SCORPION est un début de réponse, mais il convient de dépasser le seul champ militaire. « Si on ne passe que par des satellites militaires et autres systèmes militarisés, nous n’irons pas très loin. Nous serons très vite repérés et ne pourrons transmettre de la donnée de manière optimisée ». Hors de question de ne reposer que sur « deux satellites Syracuse dont vous savez que la bande passante va être saturée, qu’elle est insuffisante pour faire passer de la vidéo, de la donnée. C’est cela la réalité. Il faut donc disposer très vite de boucles LTE, de boucles 5G. Il faut que sur nos terminaux, qu’ils soient durcis ou non, nous puissions changer une application en deux jours ».
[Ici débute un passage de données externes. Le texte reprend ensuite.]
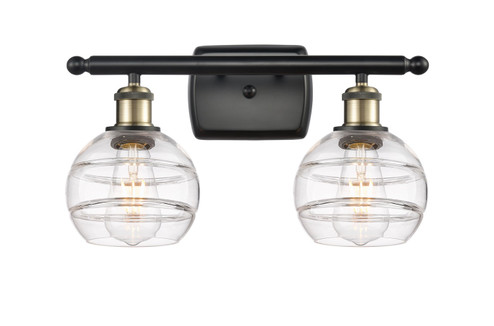 Ballston Two Light Bath Vanity in Black Antique Brass (405|516-2W-BAB-G556-6CL)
Côté français, « je pense qu’on y est pas », pointe un militaire. Il y a urgence à engager une réflexion sur cette hybridité numérique, « avec une exigence forte pour nos industriels, qui est de nous offrir les moyens qui permettront cette hybridité ». La filière défense, par ailleurs, « a encore un petit peu de chemin à faire pour être agile », estiment les militaires. Ceux-ci pointe une difficulté typiquement française : une séparation privé-public par laquelle on tend à attendre l’initiative venant d’en haut quand l’Ukraine a démontré l’importance de l’innovation par le bas. Pour atteindre la porosité voulue, deux mondes conceptuellement hermétiques vont devoir « casser des barrières procédurales et intellectuelles » pour gagner en rapidité.

Au-delà, l’urgence n’est pas tant de se ruer pour développer des applications a priori obsolètes dans six mois, mais a minima de sensibiliser, de rapprocher les deux mondes autour d’un enjeu commun, de travailler sur des passerelles techniques, de réfléchir aux terminaux et aux bascules d’un réseau à l’autre, et d’expérimenter le tout.

Cette centralité des populations trouve d’ailleurs tout son sens dans le lien armée-nation et l’idée de résilience nationale, deux points majeurs de la Revue nationale stratégique de 2022 et de la future loi de programmation militaire. La France dispose de quelques leviers humains à activer, dont celui de la réserve citoyenne. Récupérer le principe bien connu du hackathon pour générer un « applicathon » aurait pour intérêt d’attirer les profils, de tester la robustesse de la filière, de rapprocher les acteurs. Des cadres dans lesquels l’uniforme passerait après l’expertise technique, les rudiments du combat après la capacité à créer, modifier, sécuriser dans l’urgence des applications et autres « armes numériques » au profit de tous.